Dividend Per Share is the total dividend payment attributed to each outstanding share of common stock over a specified period. It is calculated by dividing the total dividends paid by the weighted average number of shares outstanding. DPS is one of the most direct measures of how much cash a shareholder receives per share owned, independent of the share price.
DPS vs EPS vs Dividend Yield — how do they relate?
EPS measures total earnings per share. DPS measures what portion of those earnings is paid out as dividends. The payout ratio (DPS / EPS) bridges the two. Dividend yield (DPS / Stock Price) expresses the return as a percentage of the current market price. A rising DPS with a stable or declining payout ratio is the ideal combination — it means the company is growing both earnings and dividends simultaneously.
What is a healthy DPS payout ratio?
A payout ratio below 60% is generally considered safe for most sectors — it indicates earnings comfortably cover the dividend with room to grow. Between 60–80% is moderate but manageable. Above 80% warrants scrutiny, especially if earnings are cyclical. REITs are an exception: they must distribute 90%+ of taxable income by law, so higher payout ratios are structurally expected. Tech companies often have low payout ratios because they reinvest heavily in growth.

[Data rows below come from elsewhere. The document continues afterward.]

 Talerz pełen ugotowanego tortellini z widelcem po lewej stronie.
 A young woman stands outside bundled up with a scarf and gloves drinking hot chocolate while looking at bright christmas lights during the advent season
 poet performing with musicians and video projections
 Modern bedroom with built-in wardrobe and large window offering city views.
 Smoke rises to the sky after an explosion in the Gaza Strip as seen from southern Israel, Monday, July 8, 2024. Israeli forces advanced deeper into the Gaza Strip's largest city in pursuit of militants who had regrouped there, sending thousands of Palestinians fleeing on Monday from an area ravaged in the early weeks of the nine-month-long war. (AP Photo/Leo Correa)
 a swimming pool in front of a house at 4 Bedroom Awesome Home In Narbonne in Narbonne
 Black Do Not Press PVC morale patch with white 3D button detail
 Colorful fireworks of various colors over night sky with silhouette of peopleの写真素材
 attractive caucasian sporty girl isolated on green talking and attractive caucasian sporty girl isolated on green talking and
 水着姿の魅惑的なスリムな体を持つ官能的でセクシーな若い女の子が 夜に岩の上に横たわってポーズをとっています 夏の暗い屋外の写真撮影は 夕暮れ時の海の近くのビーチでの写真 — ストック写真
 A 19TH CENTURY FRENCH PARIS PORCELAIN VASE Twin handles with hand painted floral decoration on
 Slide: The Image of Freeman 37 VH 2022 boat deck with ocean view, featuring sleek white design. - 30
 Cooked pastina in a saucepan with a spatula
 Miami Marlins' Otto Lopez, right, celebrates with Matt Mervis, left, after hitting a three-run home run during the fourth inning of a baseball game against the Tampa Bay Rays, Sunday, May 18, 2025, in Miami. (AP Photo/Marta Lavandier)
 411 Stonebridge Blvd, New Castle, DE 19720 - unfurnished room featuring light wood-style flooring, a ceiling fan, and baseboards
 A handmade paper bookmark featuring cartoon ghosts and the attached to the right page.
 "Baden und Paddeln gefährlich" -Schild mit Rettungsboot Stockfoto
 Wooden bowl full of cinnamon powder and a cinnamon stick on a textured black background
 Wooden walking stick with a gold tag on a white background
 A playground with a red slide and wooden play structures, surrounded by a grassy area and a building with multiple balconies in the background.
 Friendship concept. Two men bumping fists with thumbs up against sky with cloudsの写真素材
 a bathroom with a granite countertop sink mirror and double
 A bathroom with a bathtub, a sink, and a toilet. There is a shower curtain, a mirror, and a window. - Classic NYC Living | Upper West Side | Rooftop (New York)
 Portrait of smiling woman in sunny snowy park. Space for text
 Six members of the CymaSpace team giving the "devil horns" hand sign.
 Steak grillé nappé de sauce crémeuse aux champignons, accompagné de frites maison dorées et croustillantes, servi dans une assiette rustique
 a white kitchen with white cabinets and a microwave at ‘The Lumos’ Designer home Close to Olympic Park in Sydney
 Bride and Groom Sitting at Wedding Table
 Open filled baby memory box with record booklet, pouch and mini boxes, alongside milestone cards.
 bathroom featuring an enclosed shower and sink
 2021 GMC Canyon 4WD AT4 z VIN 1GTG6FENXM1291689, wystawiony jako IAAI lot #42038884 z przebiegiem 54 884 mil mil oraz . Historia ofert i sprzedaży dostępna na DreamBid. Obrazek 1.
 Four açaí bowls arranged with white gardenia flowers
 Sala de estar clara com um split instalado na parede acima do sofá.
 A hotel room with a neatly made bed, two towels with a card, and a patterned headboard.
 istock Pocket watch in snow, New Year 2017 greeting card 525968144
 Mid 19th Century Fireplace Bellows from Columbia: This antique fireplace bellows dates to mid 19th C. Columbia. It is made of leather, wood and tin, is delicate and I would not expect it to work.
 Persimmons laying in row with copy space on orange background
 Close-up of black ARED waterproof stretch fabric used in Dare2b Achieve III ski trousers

What is the FCF payout ratio and why does it matter?
The FCF (Free Cash Flow) payout ratio divides the total dividends paid by the company's free cash flow, rather than by net earnings. Because free cash flow represents actual cash generated after capital expenditures, it is often a more conservative and reliable indicator of dividend sustainability than the EPS-based payout ratio. A company can have positive EPS but negative free cash flow, which would make its dividend more vulnerable.
What does consistent DPS growth indicate?
Consistent DPS growth over 10+ years signals management confidence in future earnings, financial discipline, and shareholder alignment. Companies that have raised their dividend for 25+ consecutive years are classified as Dividend Aristocrats. Those with 50+ years earn the Dividend King designation. Long-term dividend growth tends to outpace inflation, protecting the real purchasing power of income investors' returns over time.
How does a stock buyback affect DPS?
When a company repurchases its own shares, the total shares outstanding decreases. If total dividends paid remain the same, DPS automatically increases because the same pool of cash is divided among fewer shares. This is why companies that combine dividend payments with buyback programs can show rising DPS without necessarily increasing the total dividends paid. Monitoring both total dividends and share count separately provides a complete picture.

This calculator is for informational purposes only and does not constitute financial advice. Consult a licensed financial advisor before making investment decisions.